→ PROBLEM STATEMENT
In the data below, repeat the line containing "за 60 секунд" and every following line exactly, up to and including the last line. Exclude pictures.

Extracted records
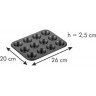 Tescoma DELICIA PLEH ZA MAFINE 26*20CM" в Черногории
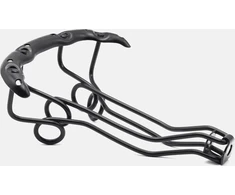 Brooks BROOKS B72 balno strypai ir pamušalas, Juoda (NAUJA)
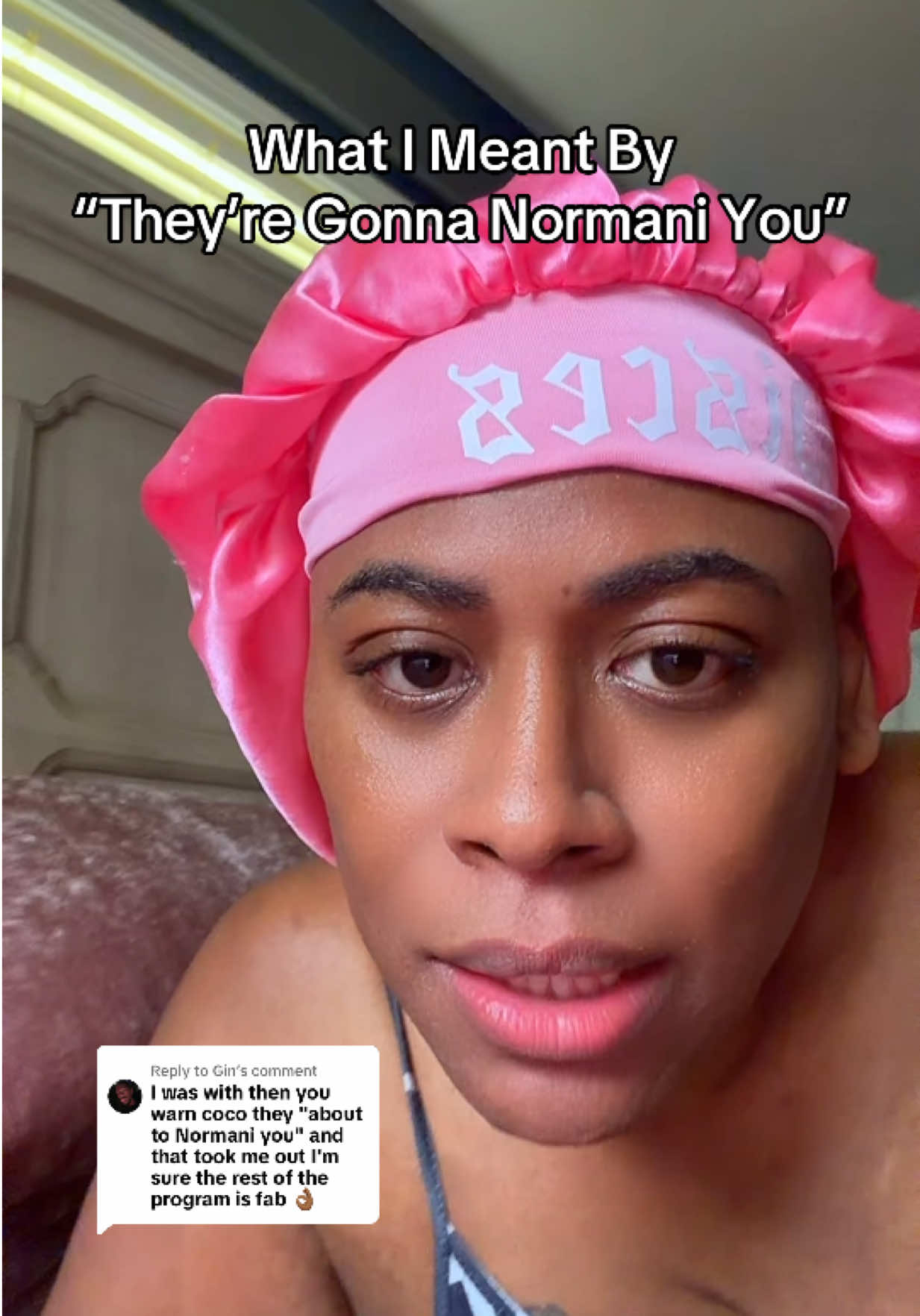 @Dominique Morgan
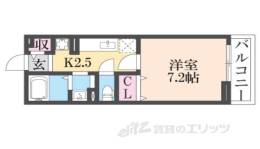 ミルトプラッツ２間取り図面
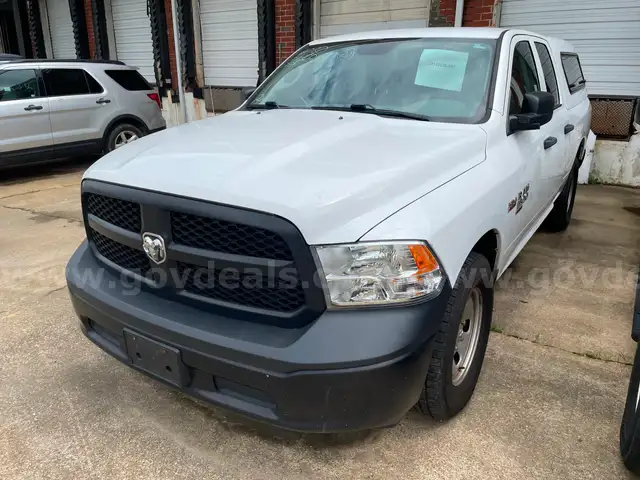2020 Dodge RAM 1500 Classic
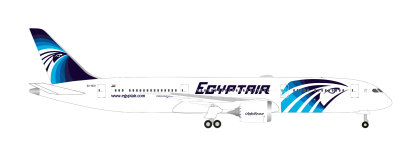 Herpa 536844 - 1:500 - Dreamliner Boing 787-9 Egyptair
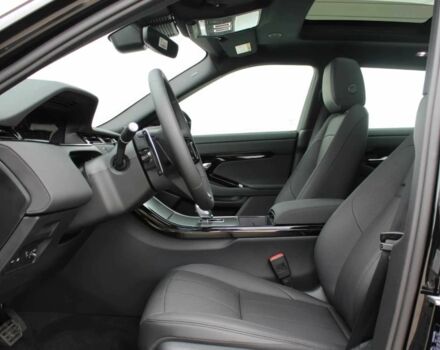 Черный Ленд Ровер Рендж Ровер Эвок, объемом двигателя 1.5 л и пробегом 44 тыс. км за 23000 $, фото 9 на Automoto.ua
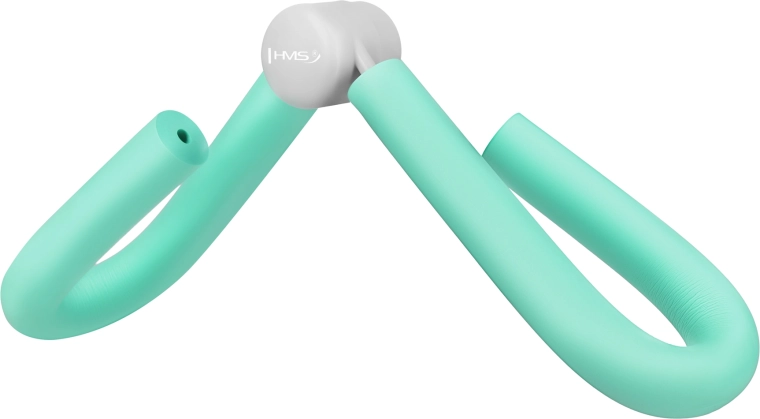 HMS Thigh Master TM01 dijen- en armtrainer grijs-mat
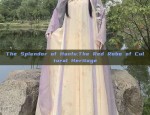 The Splendor of Hanfu:The Red Robe of Cultural Heritage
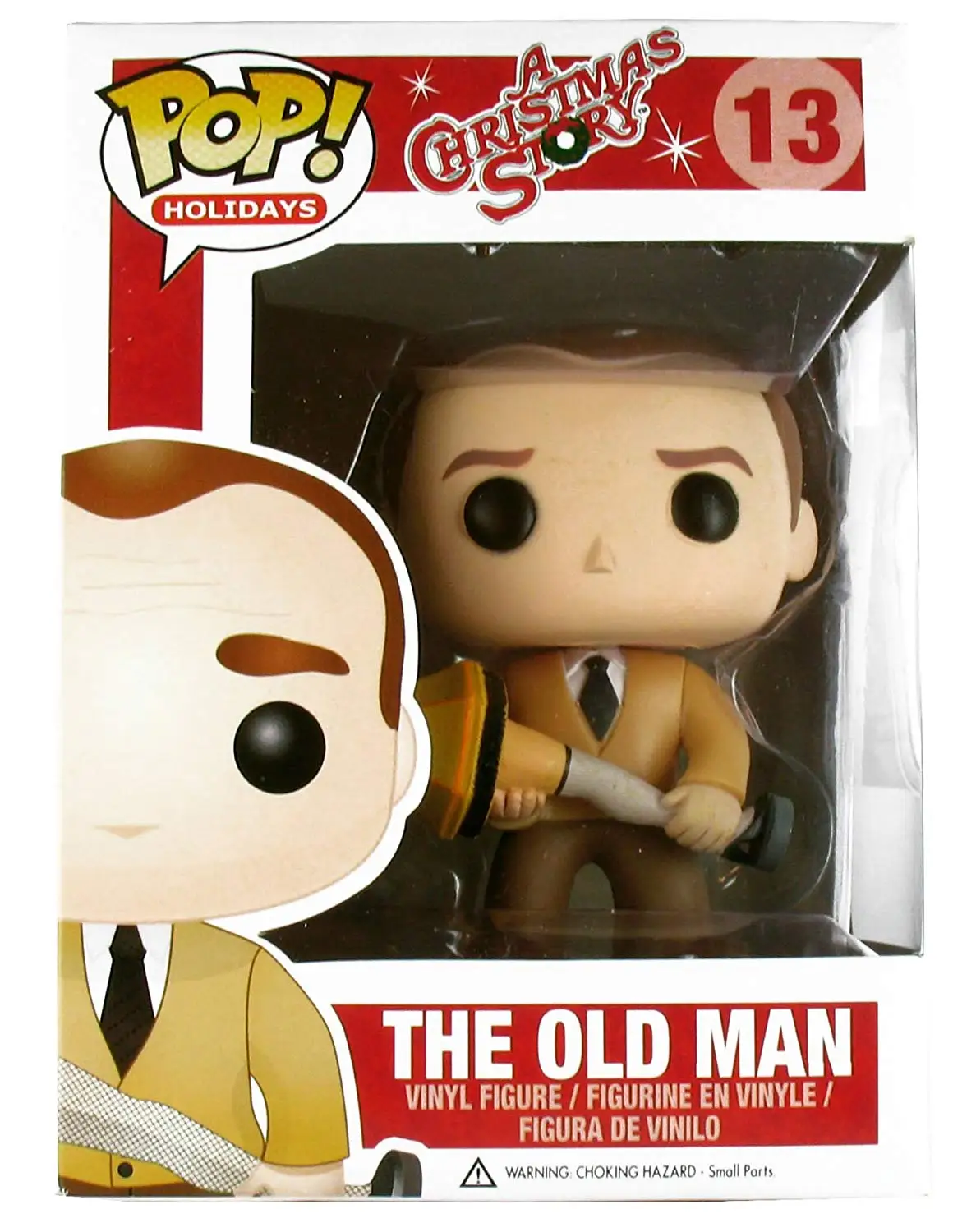 Эксклюзивные официальные фильмы Funko pop: Рождественская история Виниловая фигурка
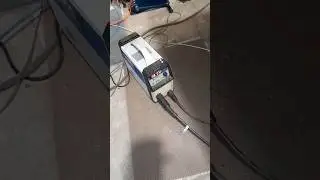 О сварке  за 60 секунд ( аврора  динамика  200) 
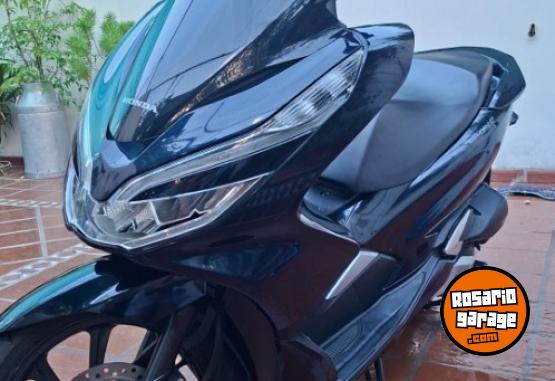 Motos - Honda Pcx 2020 Nafta 17000Km - En Venta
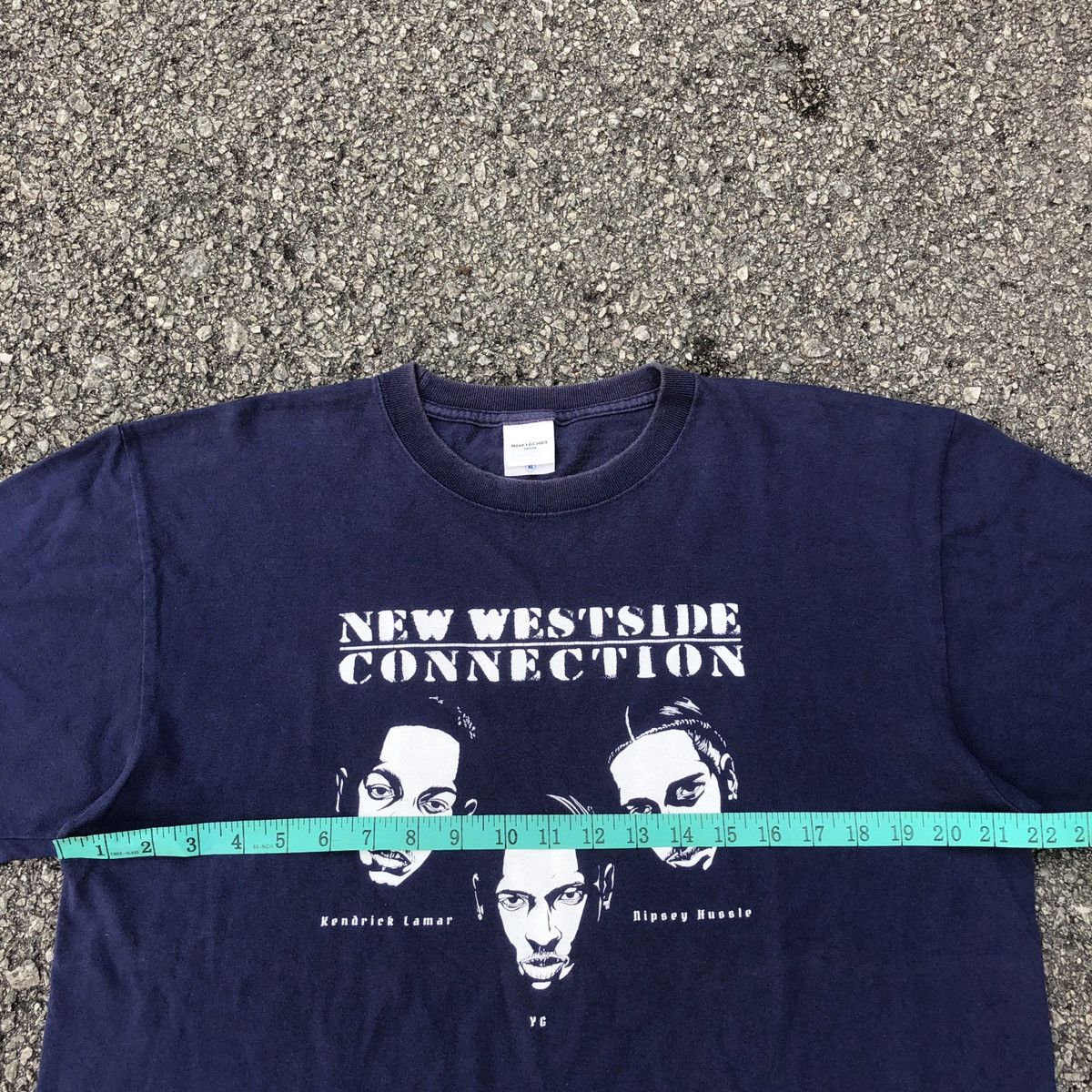Rap Tees Rap Tee New Westside Connection Kendrick Lemar Size US L / EU 52-54 / 3 - 10 Thumbnail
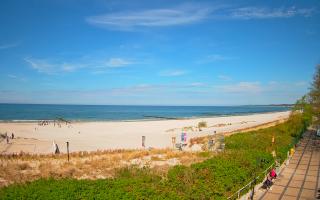 Ustka - Plaża - 19-05-2026 13:01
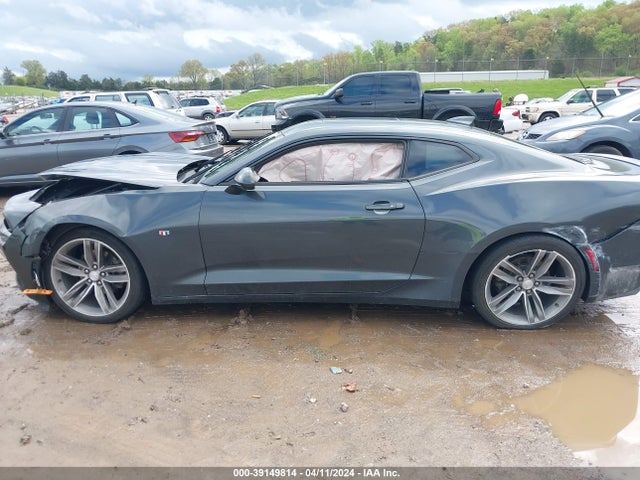 Chevrolet Camaro 1lt 2018 1G1FB1RSXJ0124365 Image 14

→ OUTPUT
 О сварке  за 60 секунд ( аврора  динамика  200) 
 Motos - Honda Pcx 2020 Nafta 17000Km - En Venta
Rap Tees Rap Tee New Westside Connection Kendrick Lemar Size US L / EU 52-54 / 3 - 10 Thumbnail
 Ustka - Plaża - 19-05-2026 13:01
 Chevrolet Camaro 1lt 2018 1G1FB1RSXJ0124365 Image 14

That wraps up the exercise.